並列的に複数の事件が絡み合い、専門用語も飛び交うため確かにやや難解ではありますが、その分深いメッセージが秘められています。
そこで、「ゼロの執行人」の事件を整理し、テーマについて考察していきましょう。
複雑に絡み合う現在と過去・二つの事件
「ゼロの執行人」では、劇中に起こる事件と過去に起こった事件が複雑に絡み合い、そのことが物語をより難解にしています。
過去の事件
NAZU不正アクセス事件の証拠となるデータを違法に入手するため、日下部が「協力者」である羽場に依頼した事件です。
正義感が強すぎて裁判官になる夢を絶たれた羽場。
正義のために行動できる「協力者」という立場になれたことはこの上ない喜びだったはずです。
そして日下部もまた羽場と同じくらい正義感の強い人物でした。
正義のためなら違法行為をしてもいいという考えは、この事件の時にはすでに彼らの頭の中にあったようです。
羽場が逮捕・自殺したことで公安警察の権力が大きすぎると判断した日下部。
公安検察の無力さと羽場を救えなかった悔しさの矛先を公安警察に向け、復讐を心に誓いました。
現在の事件
エッジ・オブ・オーシャン爆破から始まった一連の事件。
公安警察の信頼を失墜させることに加えて検察庁(特に公安部)に力を持たせることが目的でした。
NAZU不正アクセス事件と同じ手口でloTテロを起こしていることで2つの事件の関連性を匂わせています。
一般人を巻き込むのを避けるなど正義感をみせていた日下部。
ですが最後には警視庁爆破で多少の犠牲は仕方ないという考えを暴露しました。

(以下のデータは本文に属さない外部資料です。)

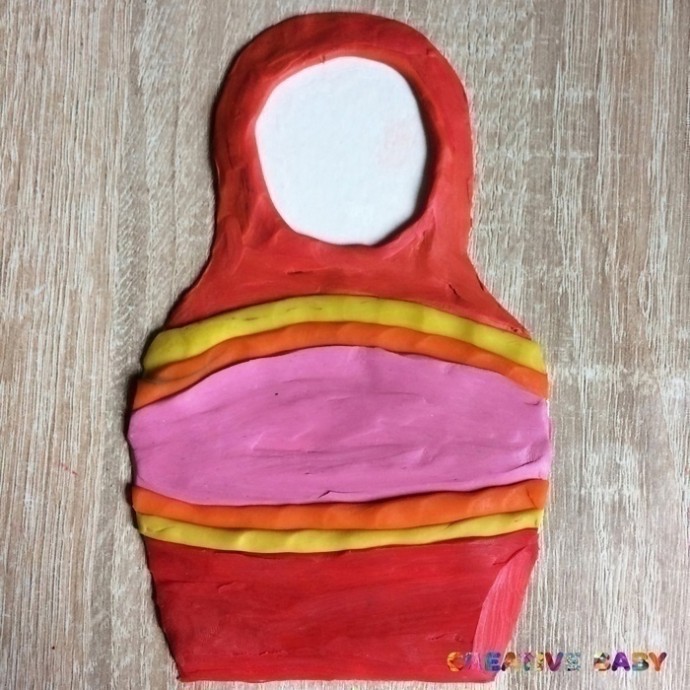 Матрёшка из пластилина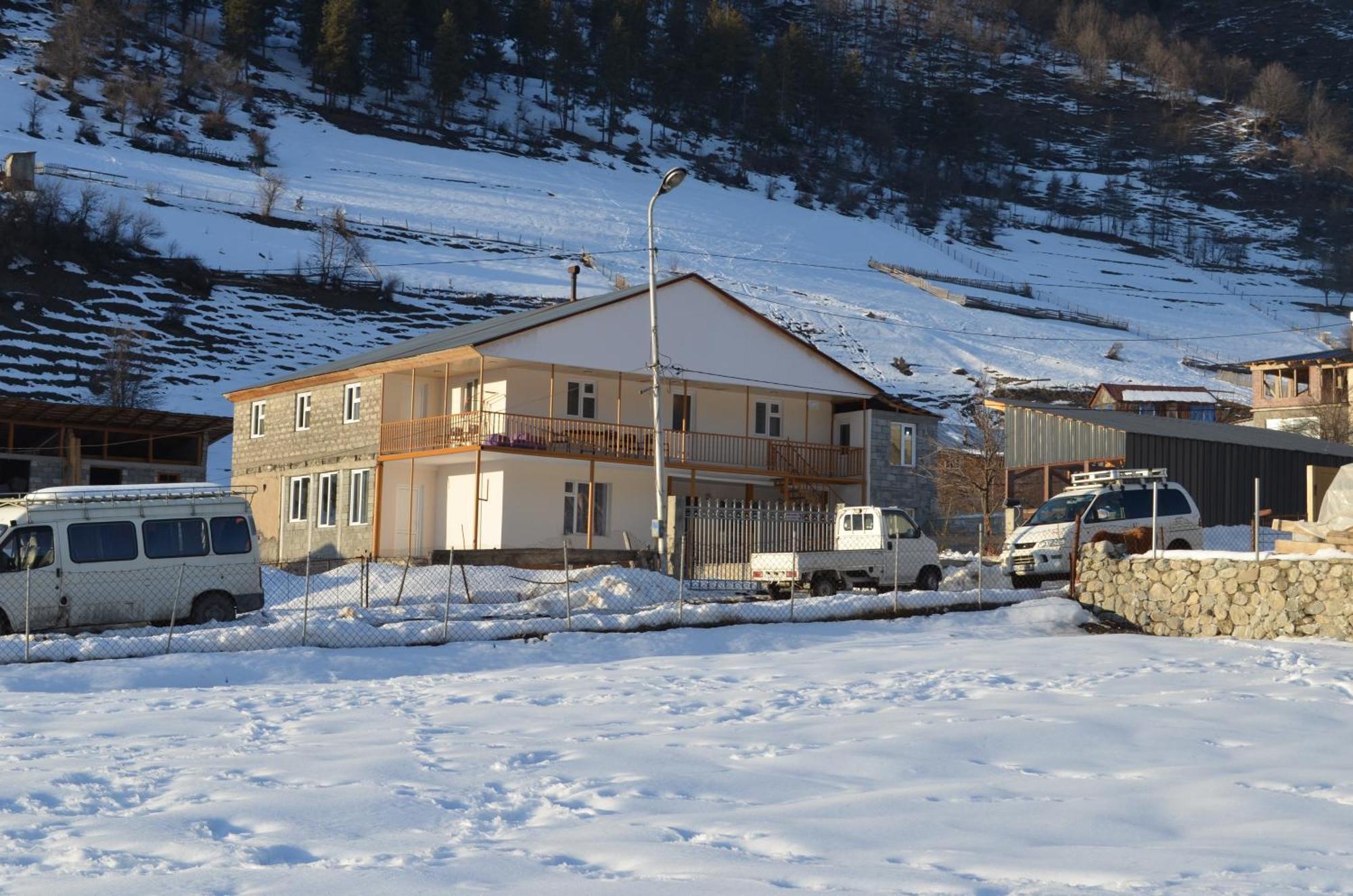 Guesthouse Qarim Mestia Exterior photo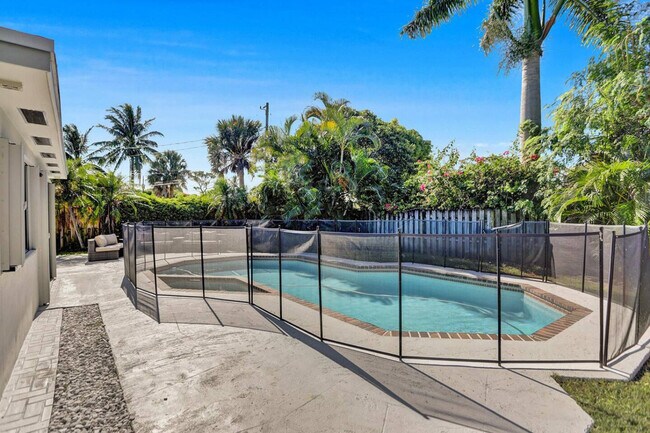 Building Photo - 2600 NE 52nd Ct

もはや正義とはいえません。
それに協力者も一般人ですから、羽場を巻き込んだ時点でその正義はもはや通用していないことに気付いていません。
日下部のいう正義とは何だったのでしょうか。自分が法を侵している時点でその主張は矛盾しています。
そして正義とは1つではありません。自分の立場から見る正義が絶対だという思い込み。
これは私達の生活の中でも起こりうることではないでしょうか。
協力者①羽場二三一
羽場二三一は日下部の協力者です。
安室の取り調べにより自殺したとされていた人物ですが、彼の死が発端となって今回の一連の事件が起こりました。
違法捜査をする場合は公安である日下部が自分で後始末するルールのはず。